= Master and Servant Act =

Laws regulating the relations between employers and employees

Master and Servant Acts or Masters and Servants Acts were laws designed to regulate relations between employers and employees during the 18th and 19th centuries. The UK's Master and Servant Act 1823 described its purpose as "the better regulations of servants, labourers and work people". This particular act greatly influenced industrial relations and employment law in the United States, Australia (an 1845 act), Canada (1847), Hawaiian Kingdom (1850), New Zealand (1856) and South Africa (1856). These acts are generally regarded as heavily biased towards employers, designed to discipline employees and repress the "combination" of workers in trade unions.

The law required the obedience and loyalty from servants to their contracted employer, with infringements of the contract punishable before a court of law, often with a jail sentence of hard labour. It was used against workers organising for better conditions from its inception until well after the first UK Trade Union Act 1871 was implemented, which secured the legal status of trade unions. Until then, a trade union could be regarded as illegal because of being "in restraint of trade".

A 2013 study found evidence suggesting that:

"Master and Servant law allowed workers to insure themselves against labor market risk by allowing them to credibly commit to stay with an employer despite a higher outside wage; when employees did breach their contracts in hope of higher wages, employers used prosecution to retain labor. The elimination of penal sanctions for breach of contract in 1875 was associated with shorter contracts and higher, but more volatile, wages."

==Use in Britain==

During the 1860s, punitive provisions were extended by judicial interpretation, leading to the imprisonment of union officials who led strikes or issued verbal calls challenging an employer's hiring practices such as only using non-union workers. A revised Master and Servant Act 1867 was passed, which supposedly limited imprisonment to "aggravated" breaches of contract (where injury to persons or property was likely to result), but it was clear that only workers were subject to its provisions. Imprisonment, even for non-aggravated breaches of contract, continued when working people failed to comply with court orders for specific performance or for non-payment of monetary damages and fines.

Between 1858 and 1875 on average 10,000 prosecutions a year took place under the act in Britain. Ernest Jones, a barrister, estimated that, "[I]n one year alone, 1864, the last return given, under the Master and Servants Act, 10,246 working men were imprisoned at the suit of their masters — not one master at the suit of the men!" There is some evidence, however, that this may not universally have been the case; at least one scholar has shown that local courts enforced causes of action in the early-to-mid-19th century against masters as well, in at least some instances, albeit in Canada.

- List of acts
- Master and Servant Act 1823 (4 Geo. 4. c. 34)
- Master and Servant Act 1867 (30 & 31 Vict. c. 141)

== Use in Australia ==

As little as one hour's absence by a free servant without permission could precipitate a punishment of prison or the treadmill. In 1840, employees in Australia who left their employment without permission were subject to being hunted down under the Bushrangers Act. In the Melbourne jurisdiction, between 1835 and 1845, when labour shortages were acute, over 20% of prison inmates had been convicted under the New South Wales Act 1823 for offences including leaving place of work without permission and being found in hotels.
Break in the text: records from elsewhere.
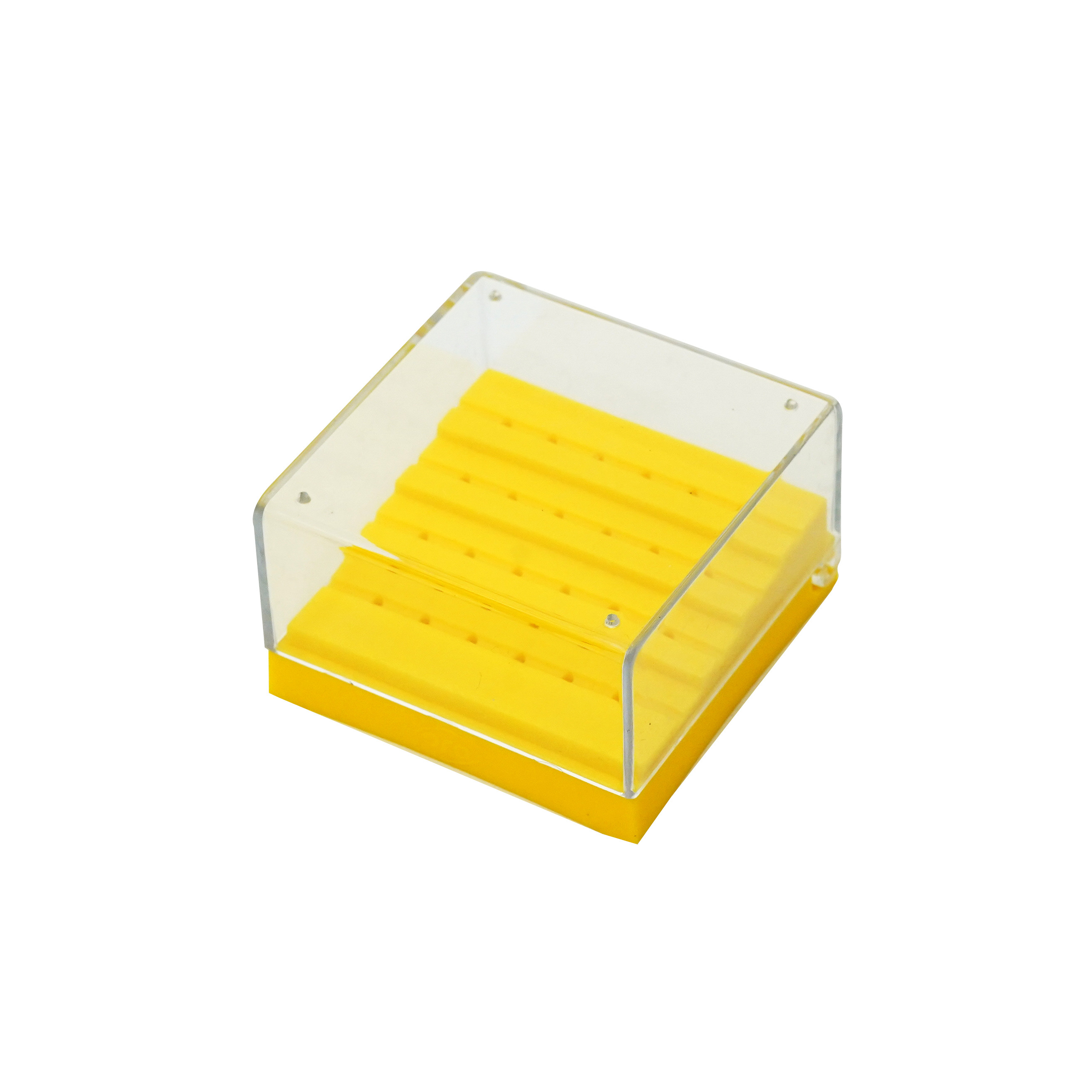 Bur Holder Square-ORO Autoclavable 36 Holes  (Pack of 5)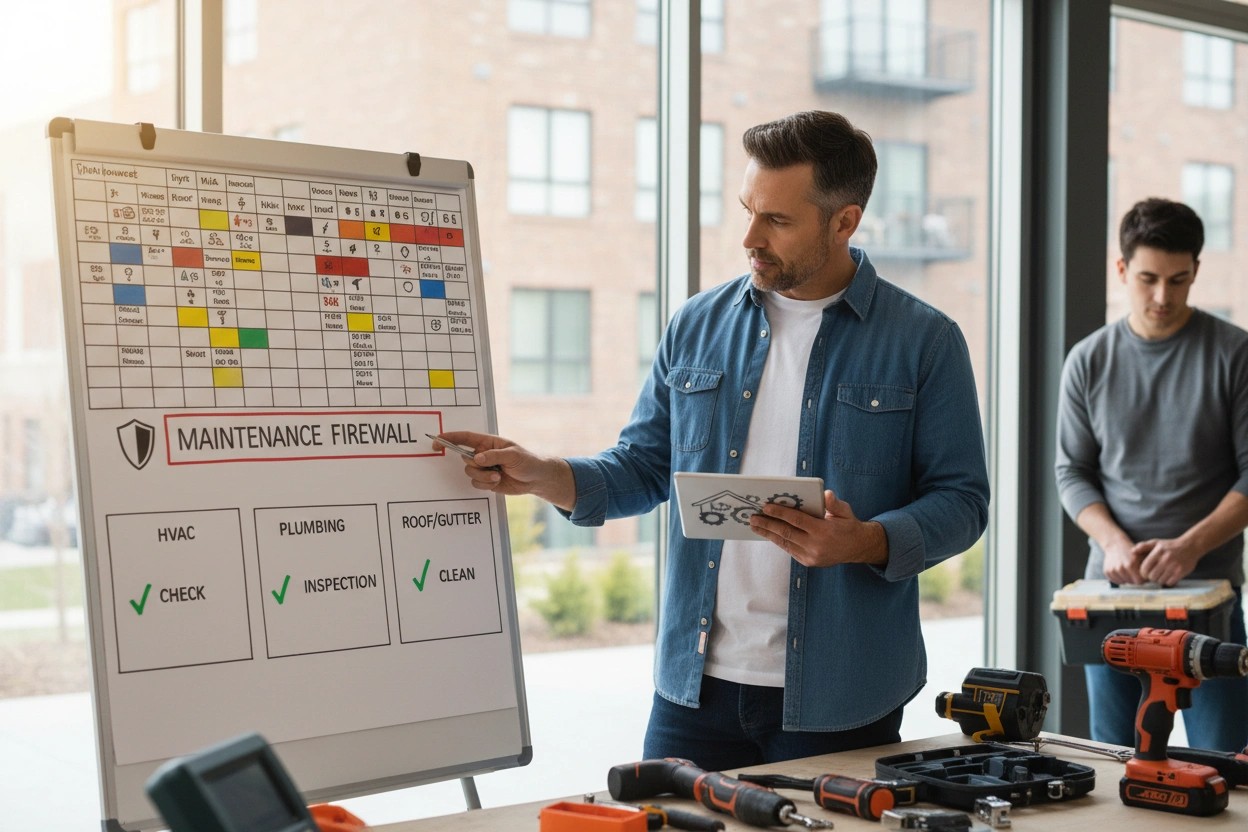 Professional image illustrating The Importance of Proactive Maintenance Planning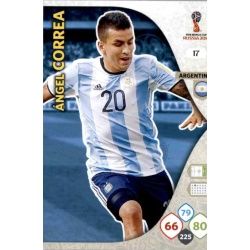 Ángel Correa Argentina 17 Adrenalyn XL Russia 2018 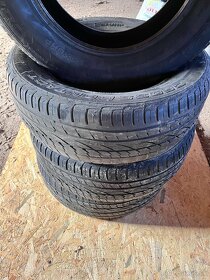 Gumy  continental ,cross contact 255/60R18 - 2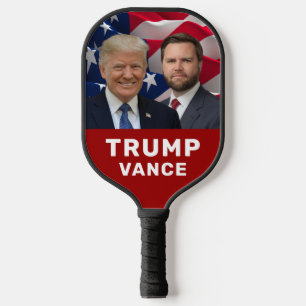 Trump Vance  Pickleball Paddle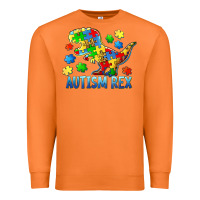 Carrot autism rex Premium Sweatshirt - BarkalooDesign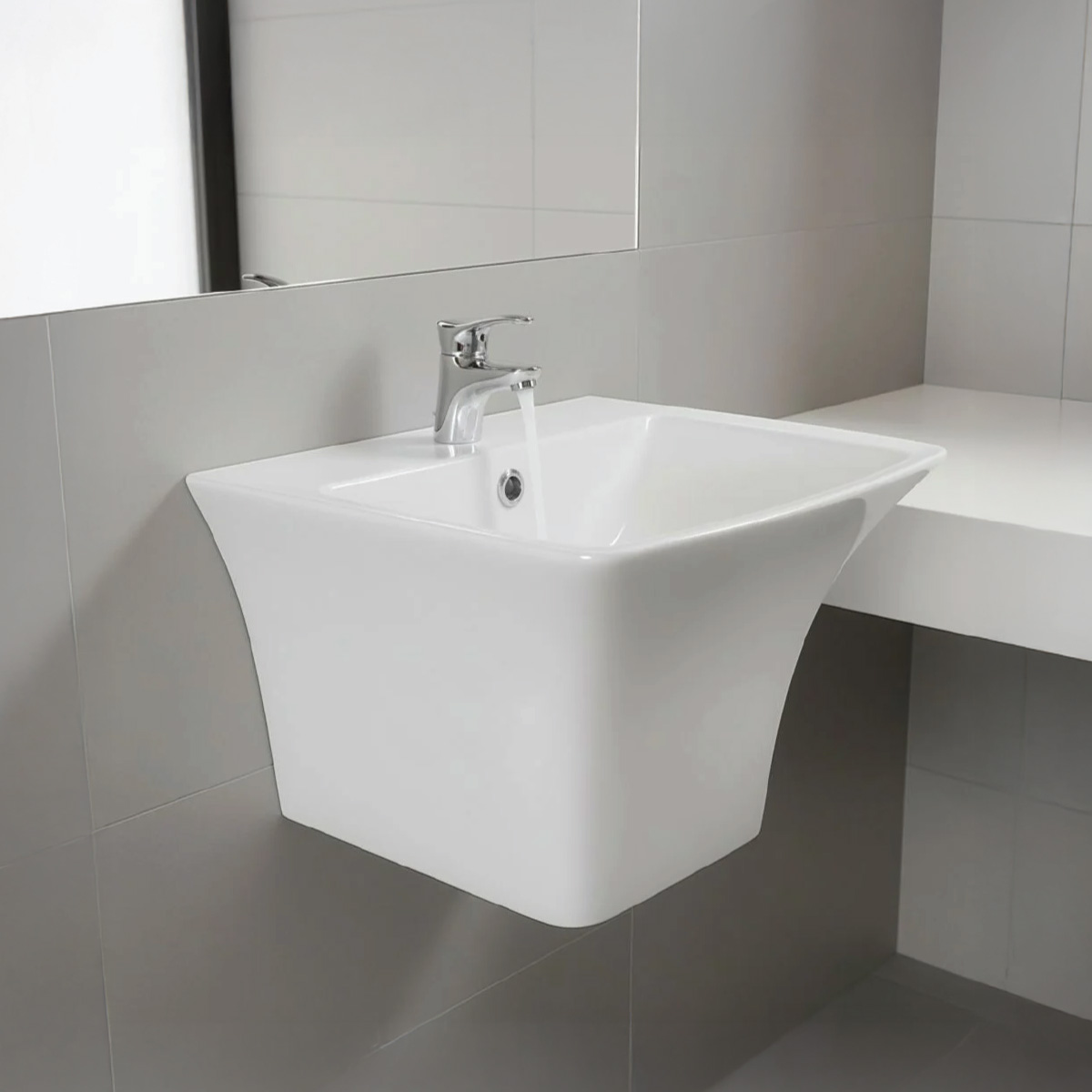 Hanging Basin 1 Piece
By 1902, the 1823 act had been modified to include forfeit of wages if the written or unwritten contract for work was unfulfilled. Absence from place of work was punishable by imprisonment of up to three months with or without hard labour. There were also penalties of up to 10 pounds for anyone who harboured, concealed or re-employed a 'servant' (i.e. worker) who had deserted or absconded or absented himself from his duty implied in the 'contract'.

The 1823 act is not a widely remembered part of Australian political history (although there is a more general association of unacceptable exploitation of workers with the Victorian period). In 2006 a group of trade unionists referred to the 1823 act in their criticism of the "WorkChoices" industrial relations policies of the Howard government, claiming that "Our rights as workers are back where they were in the early 1800s - the only thing now missing is a Master - Servants Act." Similar comparisons have been made by social commentators, unionists and politicians.